Ils sont fous ces Anglais !

Theresa May, dans la tourmente du Brexit
L’Union européenne vient d’accorder une fleur au Royaume-Uni. Les Britanniques ont, désormais, jusqu’au 22 mai 2019 pour préparer leur sortie. Si au contraire, ils désirent rester dans l’Union, la débandade sur la question du Brexit prendra fin le 12 avril prochain. Au beau milieu de cette cacophonie politique, les pro-européens se font de plus en plus nombreux et les eurosceptiques veulent une sortie sans accord. Ballottée dans tous les sens, Theresa May tente de garder le cap…

Après avoir suscité l’admiration des eurosceptiques en votant courageusement pour le Brexit le 23 juin 2016, les Britanniques sont devenus la risée du monde entier pour ne pas avoir honoré leurs engagements.
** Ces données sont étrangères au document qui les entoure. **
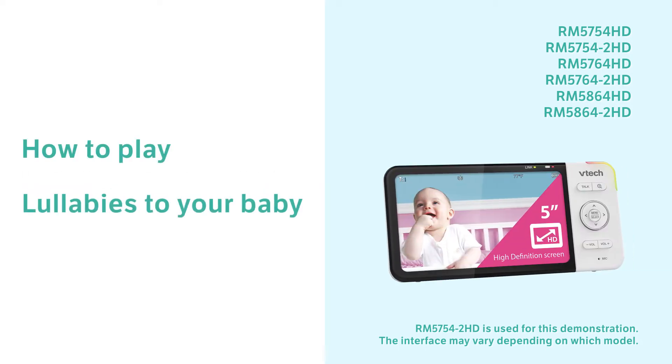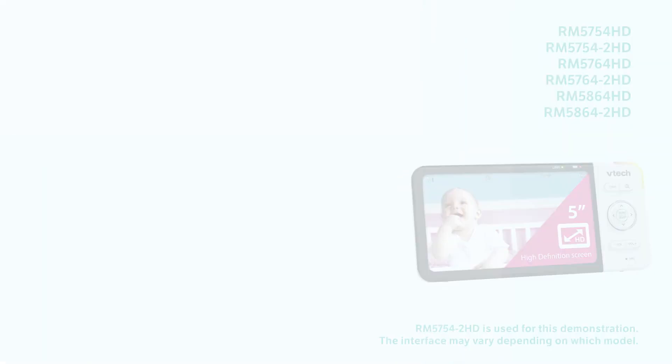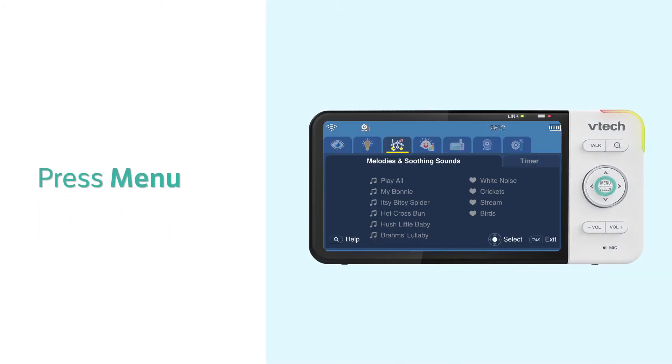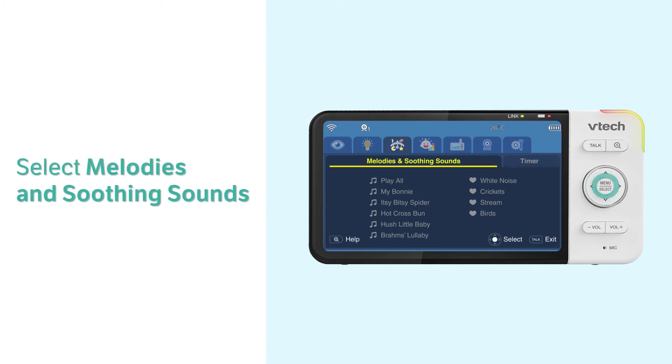Play lullabies remotely and comfort your baby to sleep. Here is how. First, go to the lullaby menu and select Melodies and Soothing Sounds.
Le beurre et l’argent du beurre

Lorsque l’ancien Premier ministre (PM), David Cameron, a confié au peuple son destin, peu de gens auraient parié un kopeck sur un « Non à l’Europe ! » Pourtant, le chef des Conservateurs de l’époque n’avait nullement l’intention de remettre en cause le maintien du Royaume-Uni dans l’Union européenne (UE).

Le référendum de 2016 n’était qu’un moyen comme un autre pour Cameron de regagner la confiance de ses sujets. Il s’en est fallu de peu d’ailleurs. Sur les 33 millions de votants (72,21% des inscrits), 17 millions (51,89%) ont exprimé leur hostilité à l’égard de l’UE.

Mais alors qu’il était dans une dynamique de reconquête et des ambitions plein la tête, le PM annonce sa démission sans le moindre remords, laissant l’ensemble des Anglais, des Gallois, des Ecossais et des Irlandais du Nord à la merci d’un avenir incertain.

Comme par un malheureux hasard misogyne, celui à qui incombe la tâche de nettoyer ce foutoir aux origines masculines est une femme. Aux allures d’une Margaret Thatcher, Theresa May se bat depuis plus deux ans contre ses principaux partisans pour une sortie à l’amiable avec Bruxelles et dans le respect de l’article 50 du traité sur l’Union européenne.

Sauf que personne ne semble avoir été mis au courant du temps de Cameron sur la somme mirobolante que le Royaume-Uni devra payer pour faire cavalier seul. En clair, les accords économiques et la législation de l’UE n’ont jamais vraiment été connus ou maîtrisés par les Européens eux-mêmes.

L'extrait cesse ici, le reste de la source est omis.